Selectional geometric genera for ample vector bundles (Q1884369)

Inspired by some work of \textit{T. Fujita} [J. Math. Kyoto Univ. 29, 1--16 (1989; Zbl 0699.14043)], \textit{A. Lanteri} [Rev. Mat. Comput. 13, 33--48 (2000; Zbl 0993.14003)] and \textit{Y. Fukuma} [Commun.
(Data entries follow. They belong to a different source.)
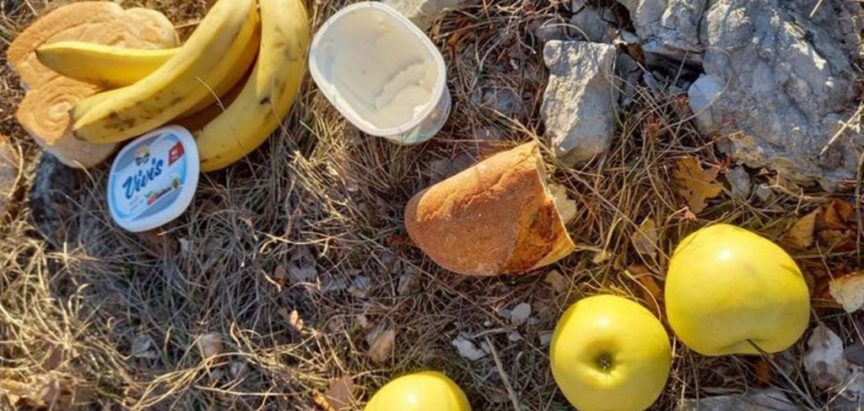 Hrvatski carinici ih vratili u BiH zbog 4 banane, 4 jabuke i pola sirnog namaza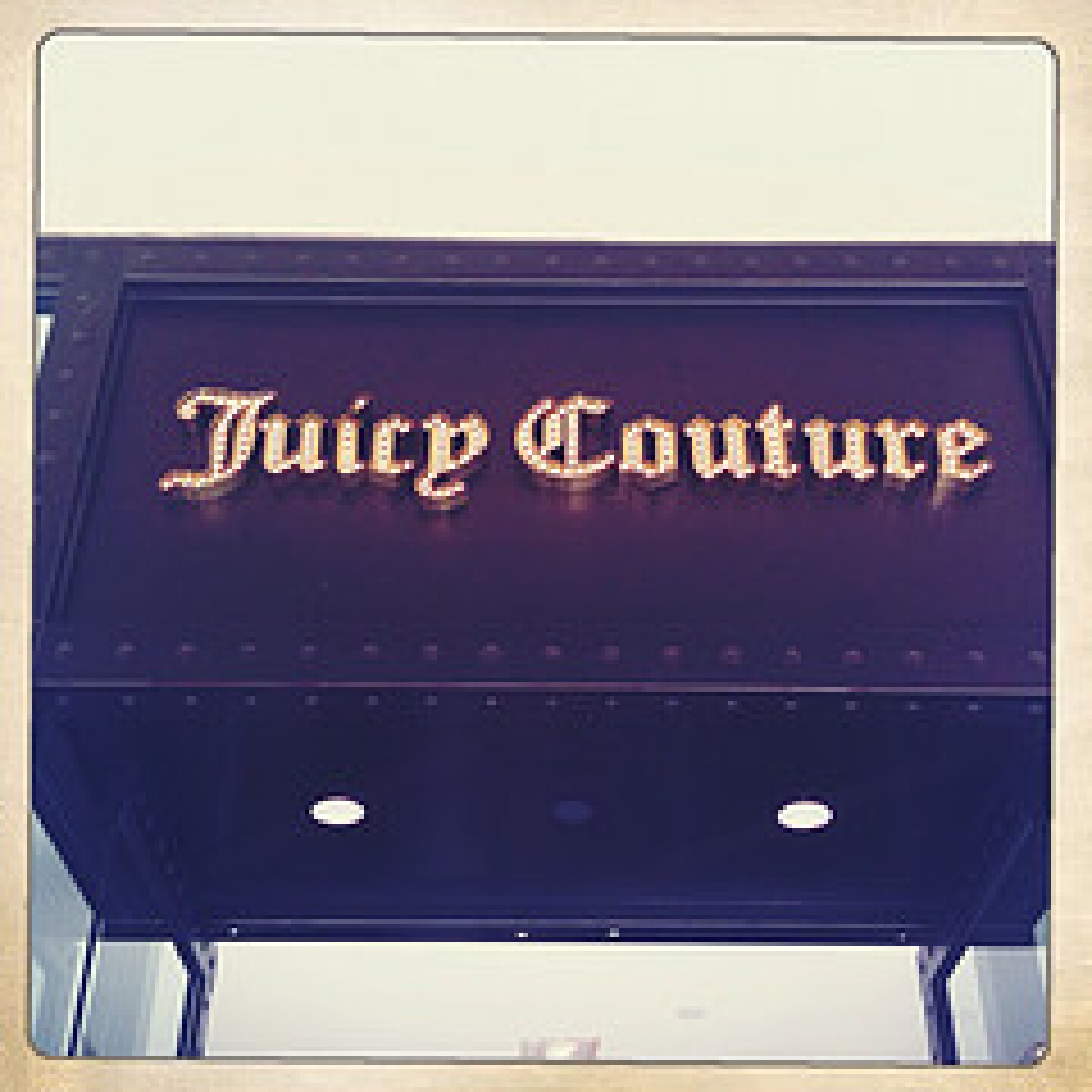 juicycouture-thumb-240x240-493875.jpg
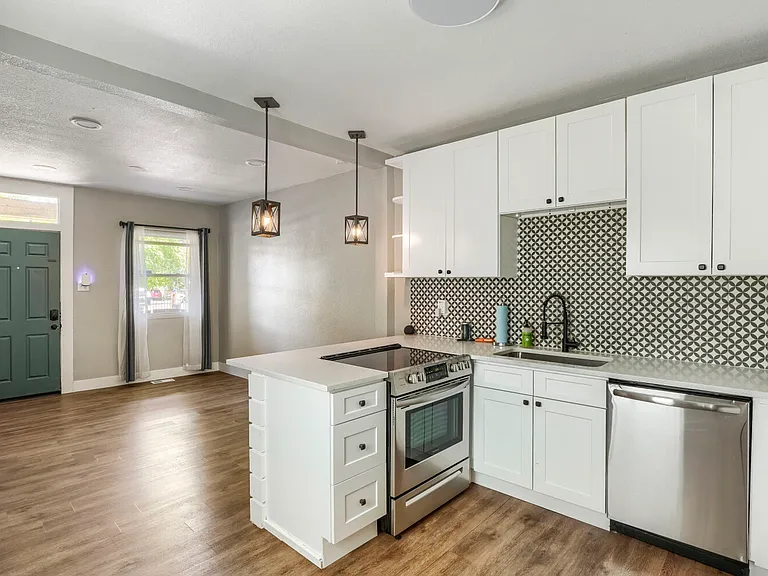 802 W 4th Ave — Photo 11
Algebra 32, 1069--1100 (2004; Zbl 1068.14008)], the author introduces and studies two numerical invariants associated to a pair \((X,E)\) consisting of a projective manifold \(X\) and an ample vector bundle \(E\) on \(X\), namely the numerical invariants \(g_i(X,\det(E))\) and \(g_i(\mathbb P(E),\mathcal O_{\mathbb P(E)}(1))\) (called \(c_1\)-sectional genera and \(\mathcal O(1)\)-sectional genera) associated to the polarized varieties \((X,\det(E))\) and \((\mathbb P(E),\mathcal O_{\mathbb P(E)}(1))\) respectively. When \(E\) is spanned these two invariants are non-negative, in fact they are \(\geq h^i(\mathcal O_X)\). Finally, the author classifies all pairs \((X,E)\) as above such that \(g_2(X,\det(E))=h^2(\mathcal O_X)\), or \(g_2(\mathbb P(E),\mathcal O_{\mathbb P(E)}(1))=h^2(\mathcal O_X)\).